Mary Theresa Kerr d 16 June 1967

Mary Kerr was born 7 August 1879 in West Charleston, Vermont, daughter of John Kerr of Ireland and Mary Scarry (or Scurry) of Newfoundland.  In 1880, the family was counted in the census living in Charleston.  John was a farmer. 

On 2 September 1895, Mary married William W Hall in Barton.  She was 16, he was, 27, a laborer from Rupert VT.  In the marriage record, she was called “Mamie”.  Their son Clarence Francis Hall was born in 1897 in Barton, and died in 1918 at at Camp Colt at Gettysburg PA.  Notes say that he died during World War 1, so he might been one of the 140 soldiers who died there during the flu epidemic.  William Vincent Hall was born in 1900, and died in 1948 of a gunshot wound to the head.  The record does not say whether it was suicide, homicide, or accidental.  He had been married twice, and had four children.  Mary’s daughter Mildred was born in 1902 in Barton.  She married (and apparently divorced) Edward Benoit, then Perley Batchum.  Mary and William Hall were in the 1900 census in Brownington. 

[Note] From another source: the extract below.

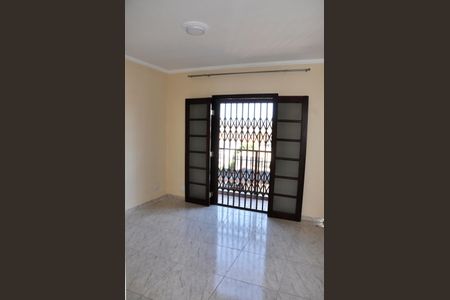 Casa à venda com 130m², 3 quartos e 1 vaga Casa à venda com 130m², 3 quartos e 1 vagaDetalhe - Quarto 01 com Suíte e Varanda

William apparently died in 1901.  A posted family tree on Ancestry says he died in Maine but I have not found a record for that.

Mary Kerr Hall married Joseph H Labor on 15 December 1904.  The record says that they were married in St. Johnsbury, but the marriage was recorded in Barton.  Joseph was the son of Joseph Labor and his second wife, Lydia Ann Degoosh, both of Quebec, and it was his second marriage as well.

Joe and Mary had eight children:  Beatrice Pearl (1905-1992), Carlos Bertrand (1907-1990) Marion Elizabeth (1910-1076), Dorothy Edna (1912-2008), Merton Joseph (1915-1986), Clair Francis (1919-1919), Genevieve Elaine (1924-1988).   I also have a daughter listed named Blanche, but cannot find documentation for her.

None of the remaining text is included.